Gallagher will go home after shooting 12 hours, pack all night and then shoot 12 more hours today. He leaves for Las Vegas at 5:30 a.m. on Monday morning.

"It`s obviously an inconvenience, but this is a great project," said Gallagher, who`s moving because "there`s so little filming happening in Colorado."

That`s a major problem for Colorado film artists. Funding, investment and representation are hard to come by, causing film students and professionals alike to flee to the coasts for work.

A Boulder film company, the fledgling Puppet Stew Productions, wants to change all of that. The company, which plans to handle independent filmmaking from the idea stage to the distribution process, aims to increase the number of films produced locally and in turn, create work for local film talent.

"There`s such great talent in the area, both in terms of film students and existing professionals," said company director Julie DiBiase, 34. "There should be no reason why anyone can`t get work right here."

DiBiase and three friends -- Robin Bucknam, Alan Bucknam and Sarah Welton -- began Puppet Stew in January. "The Bloods and the Crips" is the company`s first film.

The nonprofit film, shot in a house in Louisville, is a neo-suburban dark comedy which "touches on a lot of hypocrisy in American society," DiBiase said.

While more than 60 percent of the film`s crew consists of students, its actors are all professionals. Regardless of their status, the film`s $2,000 budget requires the entire cast and crew to work as volunteers.
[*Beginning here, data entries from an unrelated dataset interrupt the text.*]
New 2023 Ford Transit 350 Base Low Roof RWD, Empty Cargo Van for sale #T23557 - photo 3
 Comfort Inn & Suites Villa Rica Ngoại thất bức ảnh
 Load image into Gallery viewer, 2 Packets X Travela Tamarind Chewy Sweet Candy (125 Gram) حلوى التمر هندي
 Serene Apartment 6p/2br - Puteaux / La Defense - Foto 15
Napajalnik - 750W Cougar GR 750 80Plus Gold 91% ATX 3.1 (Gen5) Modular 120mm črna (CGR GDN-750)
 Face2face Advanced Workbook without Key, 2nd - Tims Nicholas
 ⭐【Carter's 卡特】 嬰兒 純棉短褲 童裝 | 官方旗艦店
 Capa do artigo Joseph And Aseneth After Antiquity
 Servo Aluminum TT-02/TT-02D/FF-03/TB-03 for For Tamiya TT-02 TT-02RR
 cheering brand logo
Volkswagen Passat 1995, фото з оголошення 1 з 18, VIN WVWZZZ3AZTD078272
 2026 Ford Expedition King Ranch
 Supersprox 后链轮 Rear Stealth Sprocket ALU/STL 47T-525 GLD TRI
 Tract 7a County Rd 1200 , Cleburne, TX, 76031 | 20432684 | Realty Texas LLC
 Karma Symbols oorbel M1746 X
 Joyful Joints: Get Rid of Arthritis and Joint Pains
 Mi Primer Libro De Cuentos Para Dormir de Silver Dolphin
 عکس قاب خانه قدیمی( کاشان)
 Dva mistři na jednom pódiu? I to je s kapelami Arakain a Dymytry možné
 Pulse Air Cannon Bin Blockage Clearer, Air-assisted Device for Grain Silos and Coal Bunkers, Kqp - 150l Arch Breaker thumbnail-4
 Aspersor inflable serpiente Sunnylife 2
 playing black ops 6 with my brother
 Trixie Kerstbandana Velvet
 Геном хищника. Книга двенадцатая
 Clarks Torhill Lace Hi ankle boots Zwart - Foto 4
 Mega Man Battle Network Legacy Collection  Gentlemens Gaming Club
They don`t seem to mind. Many cite the need for a more cohesive Colorado film community as motivation.

"Donating time is the least we can do," said Michael Richmond, 32, the film`s lighting director. "We all want the same things, except everyone has their own agenda instead of raising the bar of the whole community."

Richmond and other industry insiders are having a hard time figuring out why.

Bruce Kawin, a film and English professor at CU for 28 years, attributes it to lack of agents in the area.

"There are a lot of good resources and an awful lot of talent in this town," Kawin said. "But when someone completes a film, they try to find an agent and send the film to Hollywood."

Oscar-winning documentary filmmaker Rosalyn Dauber, who moved to Boulder from Los Angeles six years ago, has a different theory. She attributes it to Colorado`s love for the outdoors and non-team-driven activities.

"Colorado has beautiful landscapes ideal for filming, but there`s something about this place that supports solitary, rugged endeavors," she said. "Filmmaking is very much a team undertaking."